Strong domestic demand and lower-than-expected domestic milk production is expected to support Post’s 2014 import estimate, despite higher import prices. Post increased its China 2014 NFD import figure by 32 percent to 330,000 tons. New Zealand currently dominates China’s NFD imports, accounting for more than 50 percent. In the first quarter in 2014, China’s import price for U.S. NFD powder was $4,311 per ton, while the New Zealand price was $4,804 per ton. Sources note that China’s first quarter imports are normally high because Chinese importers want to complete their import quotas at low tariffs within the China-New Zealand bilateral Free Trade Agreement. On the contrary, the New Zealand market share is challenged by U.S. exports to China. The U.S. 2013 NFD market share in China reached 23 percent from 11 percent in 2012. Moreover, the U.S. export price to China averaged $3,984 per ton compared to New Zealand’s export price of $4,130.

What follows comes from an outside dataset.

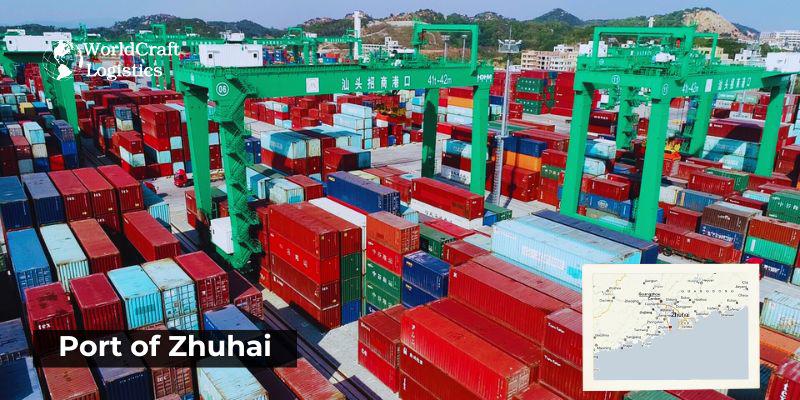 Port of Zhuhai China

Post finalized its China’s 2013 NFD imports at 235,000 tons based on official trade data.
Whole milk powder
Post lowered its estimate for China’s 2014 whole milk powder (WMP) production by four percent to 1.25 million tons. This reduction is attributed to China’s smaller-than-expected pace of growth in domestic milk production and stricter policy for dairy/infant formula milk powder production. Sources note that small-scale processors may not pass China’s re-verification and re-registration for production permit by the end of May 2014 required by China’s Food and Drug Administration (CFDA). If a large number of processors become ineligible, then domestic WMP supplies would be further strained.
Post finalized its estimate for China’s 2013 production at 1.2 million tons, a two percent decline from USDA’s official figure, because of smaller-than-expected raw milk supplies.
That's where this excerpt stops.